NVIDIA's Deep Imagination Team's PyTorch Library
Other
3.99k stars 444 forks source link

[wc_vid2vid] Style in the result suddenly changes #47

Closed lizuoyue closed 3 years ago

lizuoyue commented 3 years ago

Thanks for sharing the code of the amazing work. Currently, I have used it for training a model on our own dataset but am now facing some problems.

I simply create a small training set of around 50 samples and test on the training set just for learning to run the code and making it overfit. The training starts with the provided pre-trained checkpoint. The overall video generated is good except for the first two frames.

stuttgart_00_000000_000000_leftImg8bit stuttgart_00_000000_000001_leftImg8bit stuttgart_00_000000_000002_leftImg8bit stuttgart_00_000000_000003_leftImg8bit

These are the first 4 frames of a video generated. You can find that the 3rd and 4th frames overfit the ground truth very well but the 1st and 2nd frames seem like being generated by the original checkpoint (model).

Here are my questions: (1) Does anyone have an idea why this happens? Actually, I modified the code a little bit, but I am not sure whether this is the reason. What I modified is line 61 of https://github.com/NVlabs/imaginaire/blob/master/imaginaire/generators/wc_vid2vid.py, as originally Python raises an error that self.gen_cfg.single_image_model does not have attribute checkpoint. From the config file https://github.com/NVlabs/imaginaire/blob/master/configs/projects/wc_vid2vid/cityscapes/seg_ampO1.yaml, we can see that single_image_model does not have an attribute called checkpoint, either. Thus I simply set load_weights = False.
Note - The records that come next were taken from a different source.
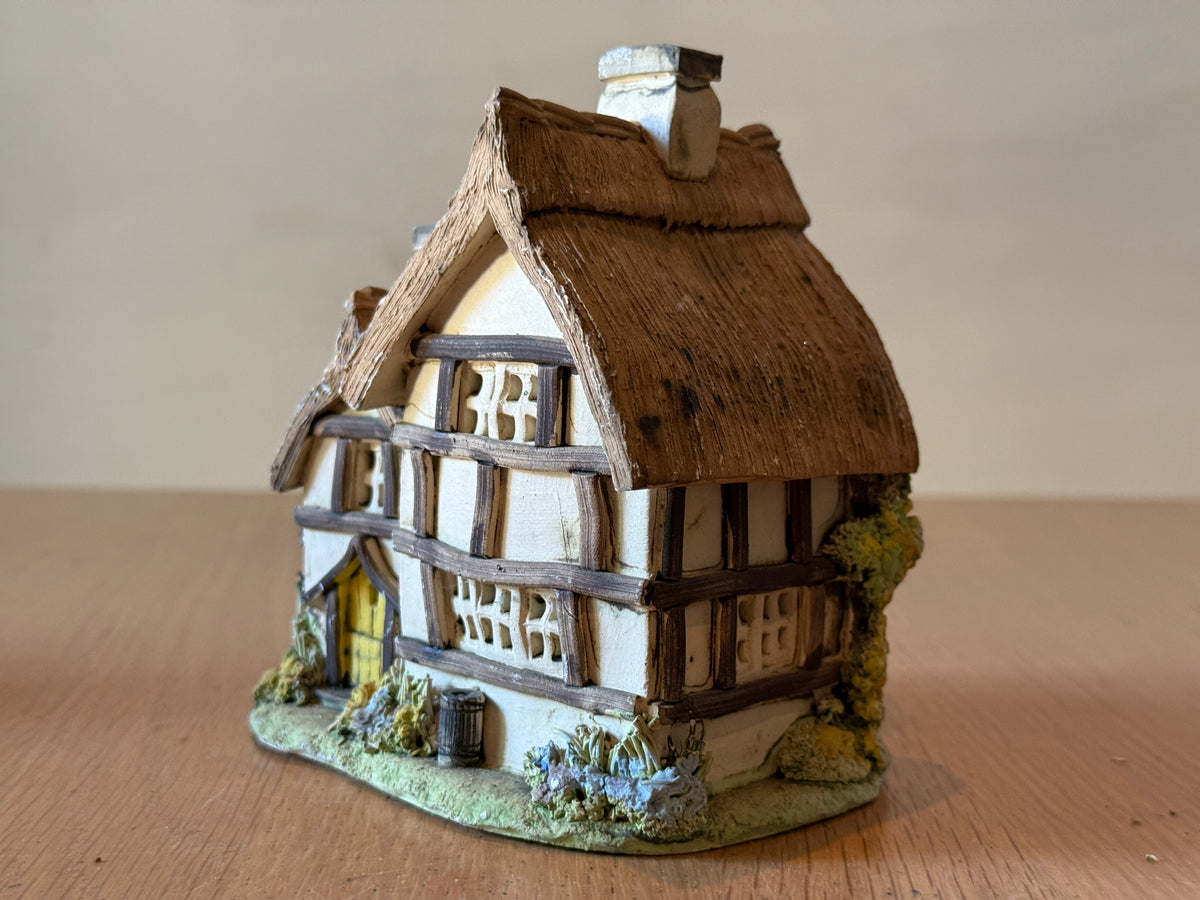Academy/David Winter or similar - Thatched Cottage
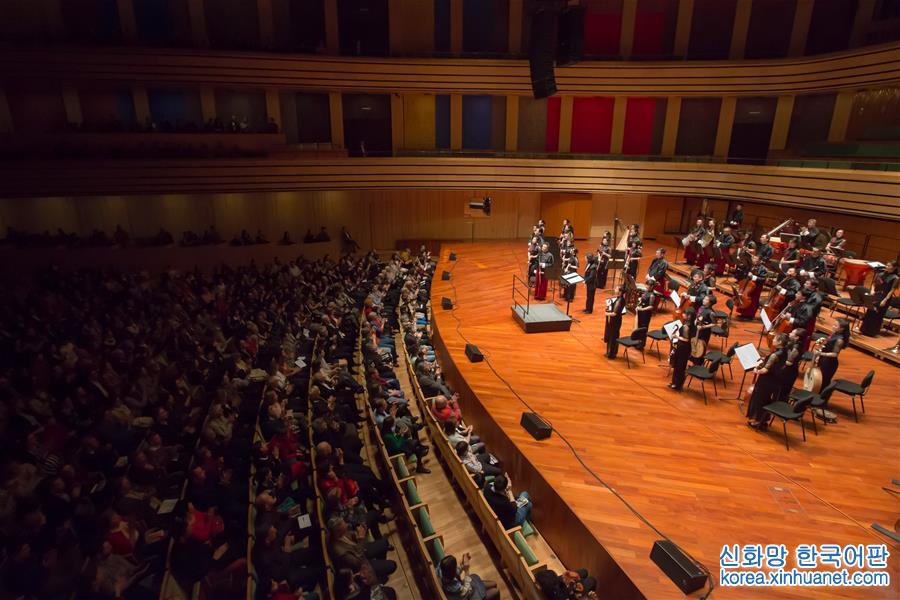 （国际）（2）中国歌剧舞剧院民族乐团拉开2017欢乐春节欧洲巡演帷幕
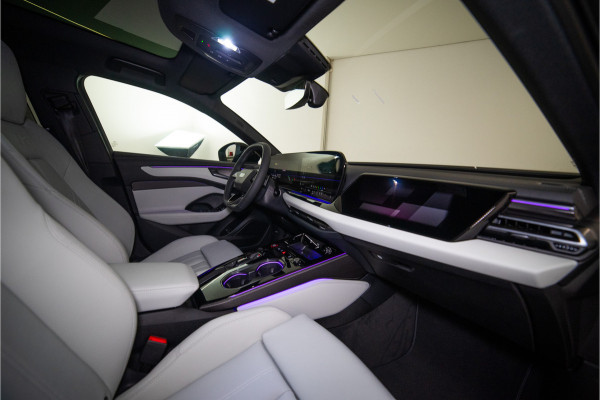 Audi A6 Avant C9 e-hybrid 270KW Quattro S Edition Competition 367PK | Madeira Brown Pearl | Tech Pro | B&O | Lucht | Trekhaak | 5 jaar F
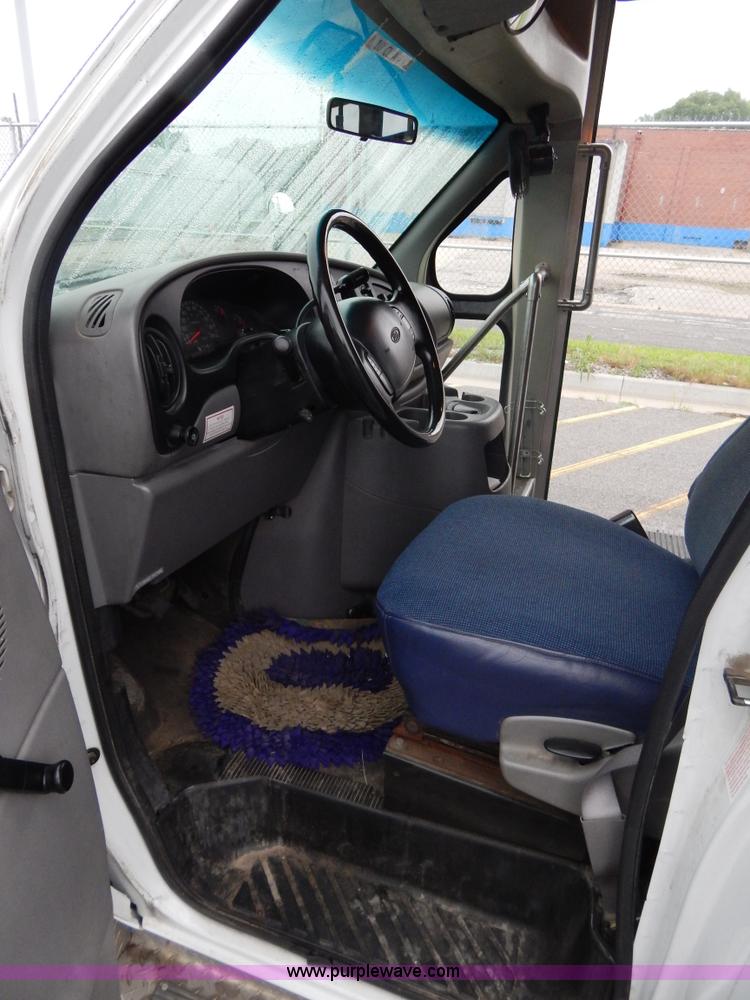 image for item I4685 2001 Ford Econoline E450 Diamond Coach bus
(2) Also, it seems that the final generated output does not use (copy) the original color from the guidance image at all, like letting the network generate the color of every pixel, am I wrong?
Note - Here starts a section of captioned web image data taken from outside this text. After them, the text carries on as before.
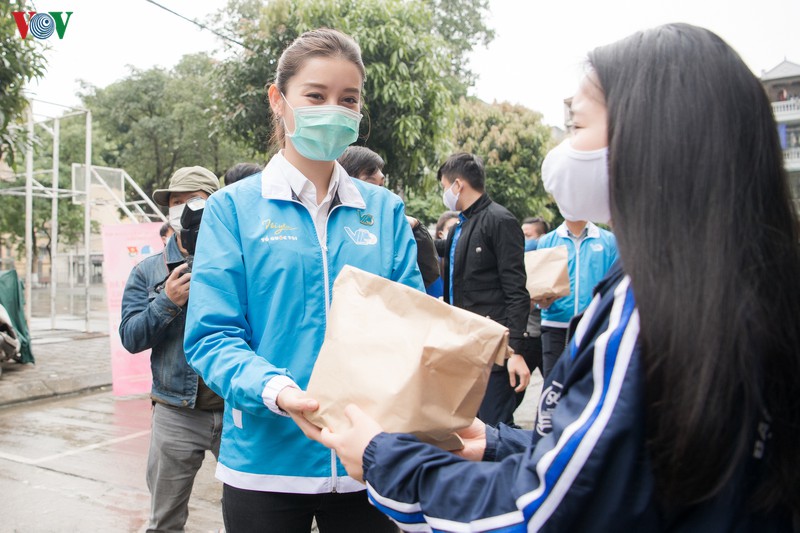 8.000 suất ăn mỗi ngày tiếp sức sinh viên, công nhân khó khăn hình 12 8.000 suat an moi ngay tiep suc sinh vien, cong nhan kho khan hinh 12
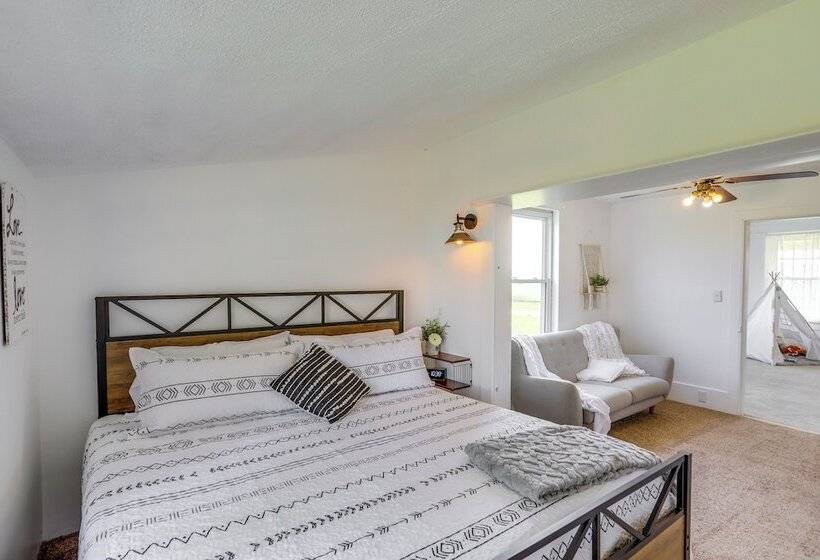 Ohio Farmhouse Retreat W/ Fire Pit & Patio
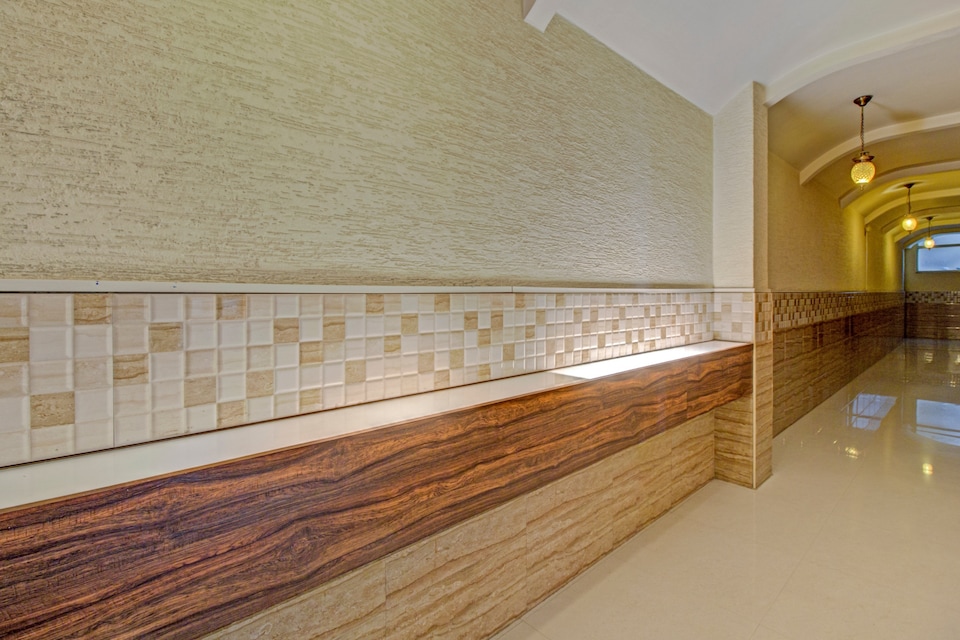 Hotel O Royal Shades, Indiranagar Extension Bangalore, Bangalore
(3) Are depth images required for training/test? My dataset does not have depth images but there is no error running the code.

Look forward to receiving your reply. Thank you very much and wish you a happy new year.

arunmallya commented 3 years ago

Hi,

Let me explain how exactly the method is supposed to work: i) The network uses 3 conditioning maps - segmentation, optical flow-warped previous output, and guidance maps. (Note that the https://github.com/NVlabs/imaginaire/blob/master/configs/projects/wc_vid2vid/cityscapes/seg_ampO1.yaml config does not use depth maps). At time T, the optical flow is predicted using the frames outputted at times T-1 and T-2. ii) For the first two frames, we do not have optical flow predictions. For the first frame, we do not have guidance maps. We thus use a pretrained model that predicts output images from segmentation maps only for the first two frames (this is referred to as single_image_model). For every following frame, we use the 3 conditioning maps. iii) In our final checkpoint, the single_image_model is packaged into the provided checkpoint, while we loaded it from a different location during training.

As for your questions: (1) I'm not sure if you finetuned the single_image_model. As a result, it might be using the model provided with the checkpoint. I believe that's the case. The first two images you showed look like they are of the "cityscapes" style. (2) The 3 conditioning map model probably just overfits to your dataset after finetuning. At that point, it can choose to completely ignore the guidance maps. (3) The config used does not need depth maps.

If you are loading our pretrained checkpoint and finetuning it, the single_image_model will not be None and the error you received shouldn't occur. Otherwise the same error would occur during our eval scripts. So I suspect some edits you made probably set single_image_model to None after loading the pretrained checkpoint.